▸ **Your instructions**
Set the pictures aside and set down only the lines from the line holding "Foto van de" through the end of the entries below, ends included.

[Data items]
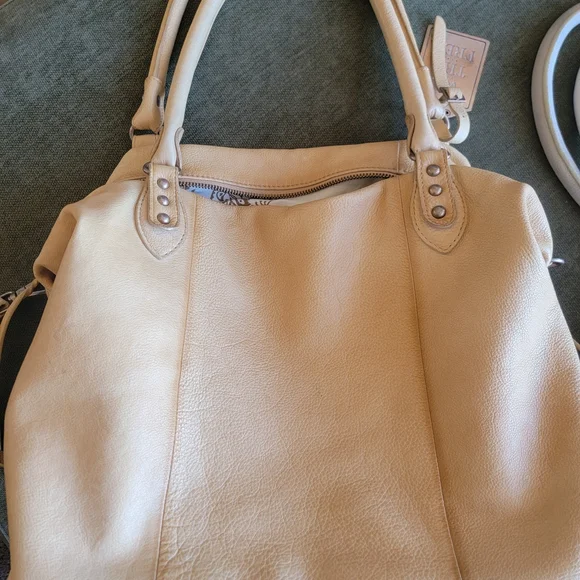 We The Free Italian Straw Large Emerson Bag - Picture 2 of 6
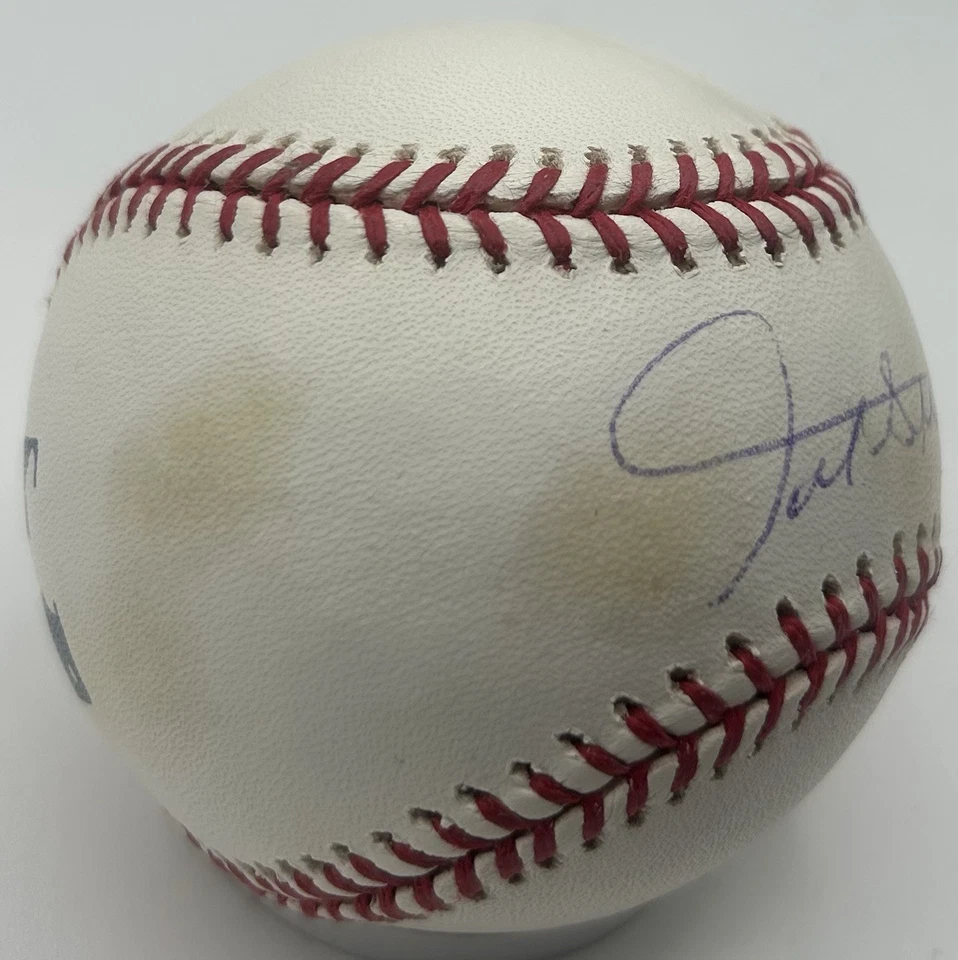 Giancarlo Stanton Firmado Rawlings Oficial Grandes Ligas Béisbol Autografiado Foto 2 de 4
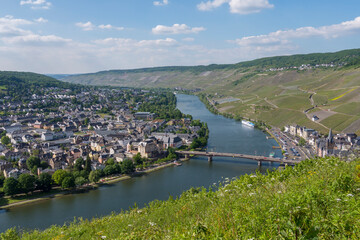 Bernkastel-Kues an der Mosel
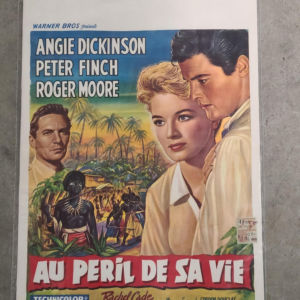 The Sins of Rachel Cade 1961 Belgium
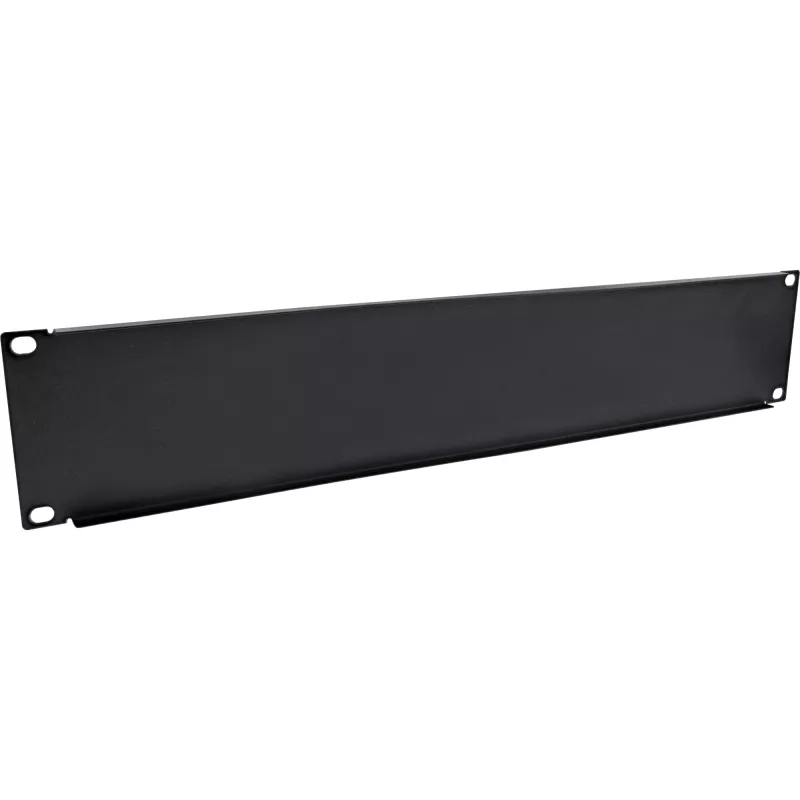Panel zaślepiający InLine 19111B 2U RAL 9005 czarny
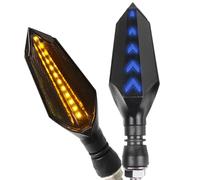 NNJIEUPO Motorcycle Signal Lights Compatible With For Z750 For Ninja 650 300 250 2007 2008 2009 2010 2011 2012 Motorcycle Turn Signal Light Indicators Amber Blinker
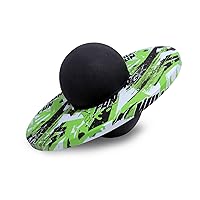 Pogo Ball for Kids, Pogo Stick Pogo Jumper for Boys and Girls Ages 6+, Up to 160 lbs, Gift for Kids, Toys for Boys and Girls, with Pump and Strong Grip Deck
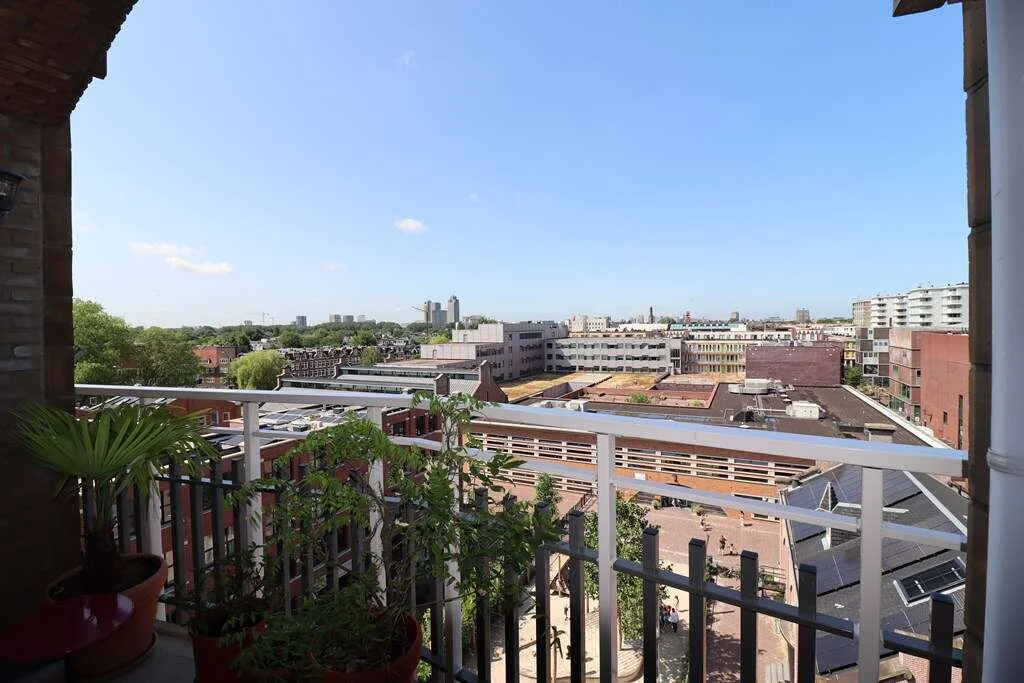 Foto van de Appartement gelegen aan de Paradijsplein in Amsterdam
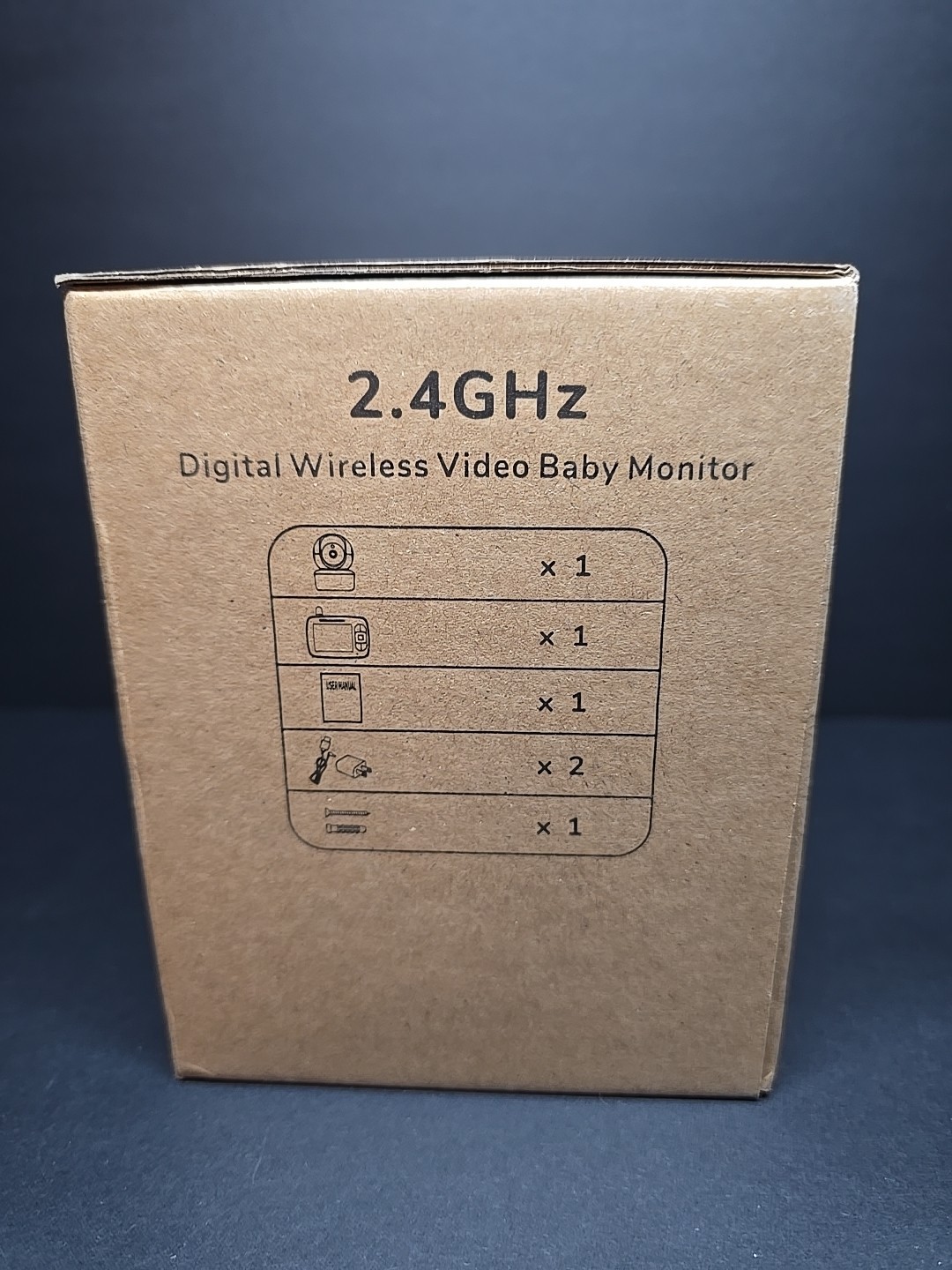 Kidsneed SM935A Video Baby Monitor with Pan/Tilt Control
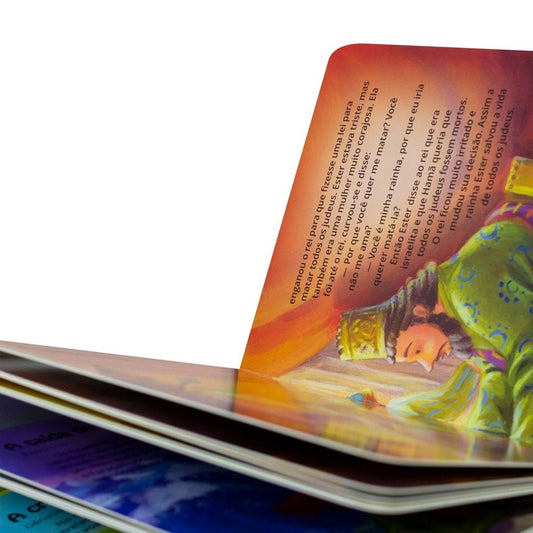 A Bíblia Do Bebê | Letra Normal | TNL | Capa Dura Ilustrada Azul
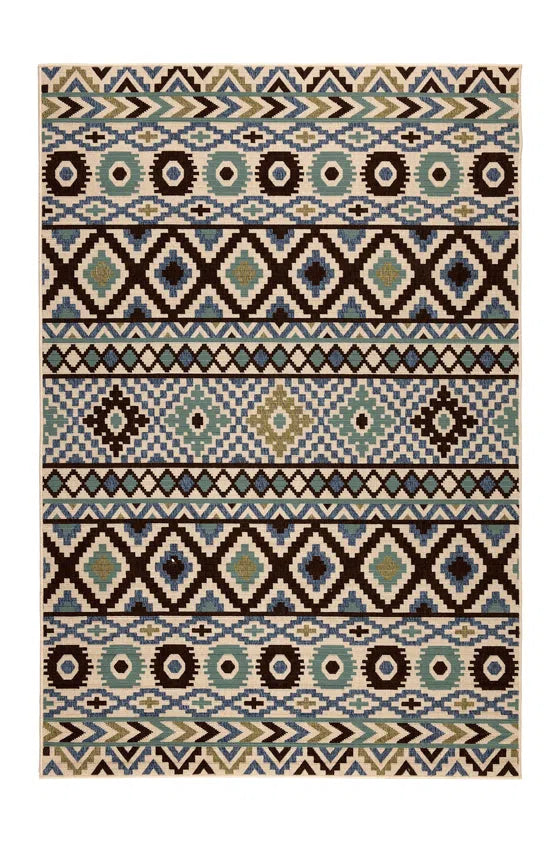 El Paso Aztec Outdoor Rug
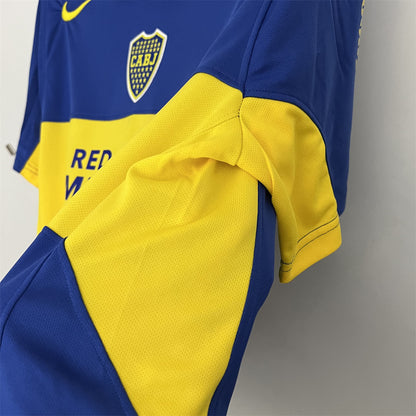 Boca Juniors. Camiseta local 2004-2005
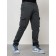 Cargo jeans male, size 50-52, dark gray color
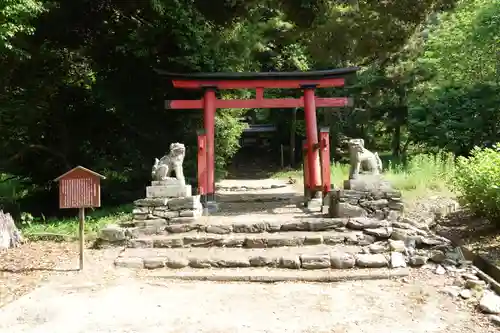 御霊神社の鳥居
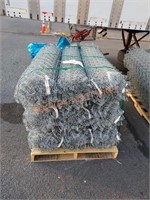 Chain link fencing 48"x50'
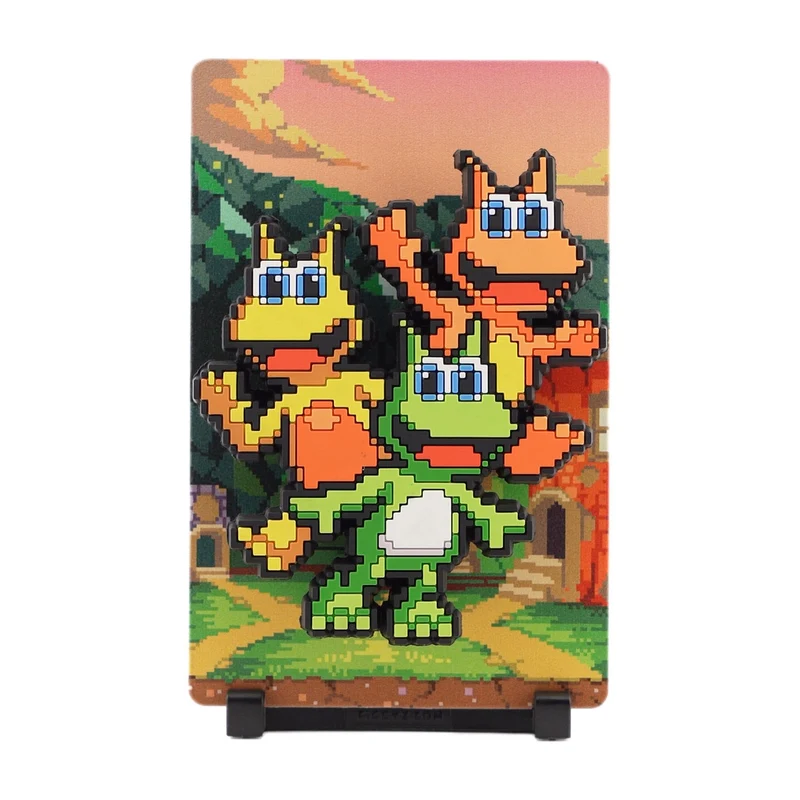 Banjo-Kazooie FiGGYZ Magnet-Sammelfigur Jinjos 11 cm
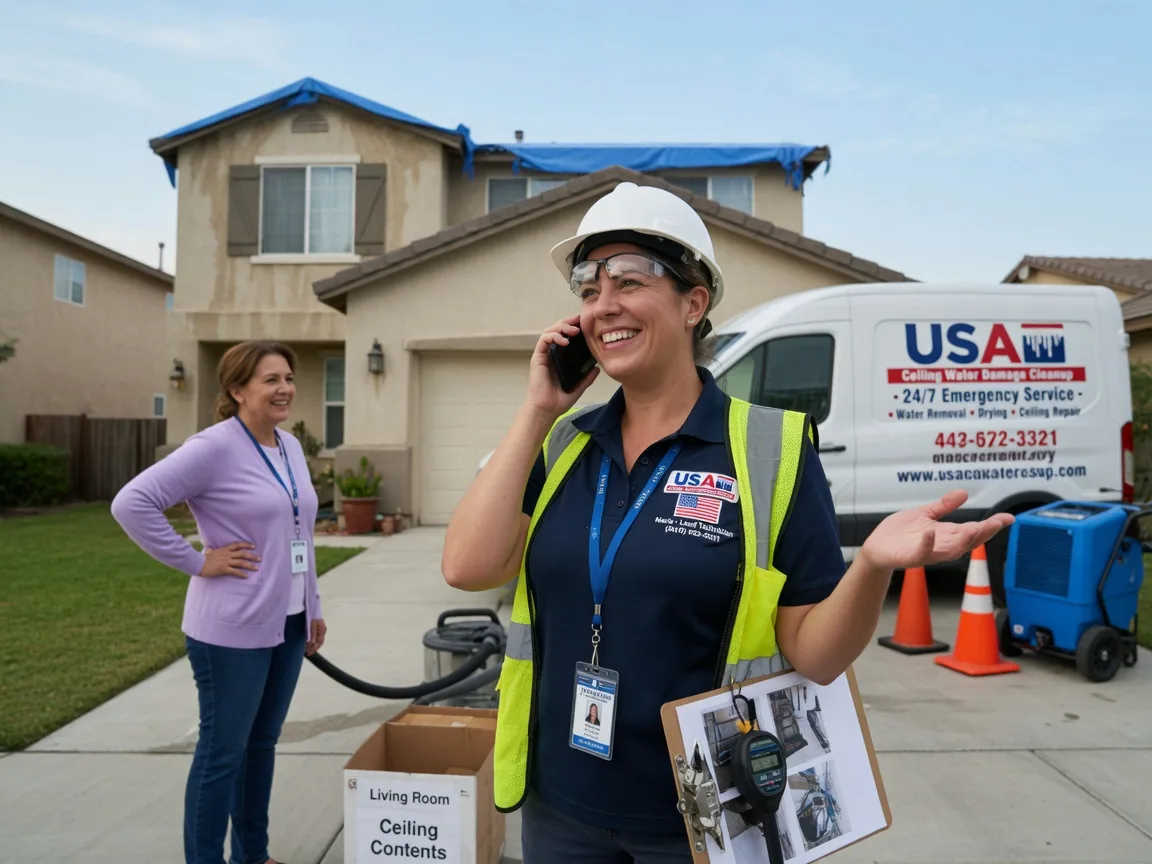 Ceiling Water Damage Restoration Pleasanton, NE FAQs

▸ **Exercise output**
 Foto van de Appartement gelegen aan de Paradijsplein in Amsterdam
 Kidsneed SM935A Video Baby Monitor with Pan/Tilt Control
 A Bíblia Do Bebê | Letra Normal | TNL | Capa Dura Ilustrada Azul
 El Paso Aztec Outdoor Rug
 Boca Juniors. Camiseta local 2004-2005
 Cargo jeans male, size 50-52, dark gray color
 御霊神社の鳥居
 Chain link fencing 48"x50'
 Banjo-Kazooie FiGGYZ Magnet-Sammelfigur Jinjos 11 cm
 Ceiling Water Damage Restoration Pleasanton, NE FAQs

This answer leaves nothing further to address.